In vivo delivery and ultrasound triggering
CD1 nude female mice aged 5-7 weeks were inoculated with 107 SW480 CRC cells on the right hind flank. After 7 days, mice were randomly assigned to a treatment group. ThMBs or free drug were administered via tail vein injection. Animals in the thMBs + trigger (T) group received an US pulse at the tumor site 4 min post MB injection using a custom-built single element ultrasound system (UARP) 45. A 2.2 MHz, 10 µs 'tone burst' US pulse was generated by an unfocused transducer (V323, Olympus NDT, UK), with a peak negative pressure of 260 kPa that had a 1 kHz pulse repetition frequency (PRF). The total sonication time was 5 s. The US-trigger had an MI of 0.21 by Church approximation 53 and a thermal index in soft tissue of 0.09, both of which are considered safe for all diagnostic US applications.

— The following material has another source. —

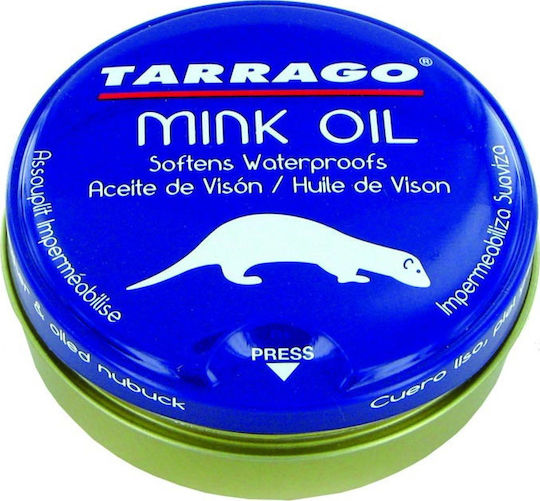 Tarrago Mink Oil Grăsime pentru Încălțăminte din piele 100ml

High-performance liquid chromatography (HPLC)
For quantification of irinotecan loading into liposomes and final MB preparations, HPLC was used. Irinotecan was dissolved in DMSO to 2 mg/mL and a 6-point standard curve diluted 1:1 from 1 mg/mL was prepared in methanol. thMB samples were diluted 1:1 in methanol, vortex mixed and centrifuged at 10,000 g for 4 min at 4°C to remove lipids. Irinotecan liposomes alone were diluted 1:10 in methanol then treated as the thMB sample. Samples were analyzed using a Waters Alliance 2695 HPLC (Waters Corporation, Milford, MA, USA) linked to a Waters 2996 Photodiode Array Detector detector. 10 µL of sample was eluted using a stepwise gradient at a flow rate of 1 mL/min on a Hichrom RPB column (3.5 µm, 25 cm × 2.1 mm) (Hichrom Limited, UK). Mobile phase A consisted of 90% (v/v) dH20, 10% (v/v) methanol and 0.1% (v/v) formic acid, and mobile phase B consisted of 90% (v/v) methanol, 10% (v/v) dH20 and 0.1% (v/v) formic acid. The initial gradient of 90% A: 10% B was gradually increased to 90% B over 7 min, held for 2 min and returned to the initial gradient over 1 minute and held at this to give a total run time of 15 min. The area under the curve at 373 nm was calculated using Empower Pro software (Waters) and comparison to the standard curve was used to determine concentration of irinotecan in liposomes and in each MB preparation. These mobile phases allowed direct conversion to mass spectrometry.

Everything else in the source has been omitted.